Article III of the U.S. Constitution’s “case and controversy” requirement obligates federal courts to determine, as an initial matter, whether plaintiffs have standing to bring suit. Lance v. Coffman, 549 U.S. 437, 439, 127 S.Ct. 1194, 167 L.Ed.2d 29 (2007).
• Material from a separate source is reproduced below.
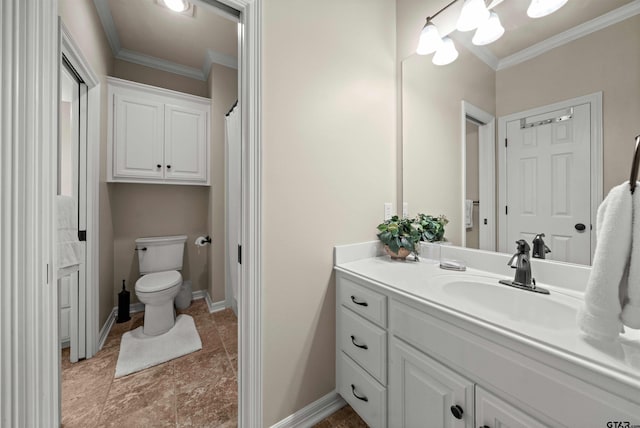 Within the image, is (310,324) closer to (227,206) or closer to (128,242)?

At the pleading stage, to satisfy the standing requirement plaintiffs .must allege: (1) that they have suffered an “injury in fact that is (a) concrete and particularized, and (b) actual or imminent, not conjectural or hypothetical; (2) that the injury is fairly traceable to the defendant’s challenged conduct; and (3) that the injury will likely be redressed by a favorable decision. See, e.g., Friends of the Earth, Inc. v. Laidlaw Envtl. Servs. (TOC), Inc., 528 U.S. 167, 180-81, 120 S.Ct. 693, 145 L.Ed.2d 610 (2000); Lujan v. Defs. of Wildlife, 504 U.S. 555, 561-62, 112 S.Ct. 2130, 119 L.Ed.2d 351 (1992). The party seeking to invoke federal court jurisdiction has the burden of establishing standing. See Lujan, 504 U.S. at 561, 112 S.Ct. 2130. The Ninth Circuit has emphasized that “[t]he jurisdictional question of standing precedes, and does not require, analysis of the merits.” Maya v. Centex Corp., 658 F.3d 1060, 1068 (9th Cir. 2011) (citation and internal quotation marks omitted).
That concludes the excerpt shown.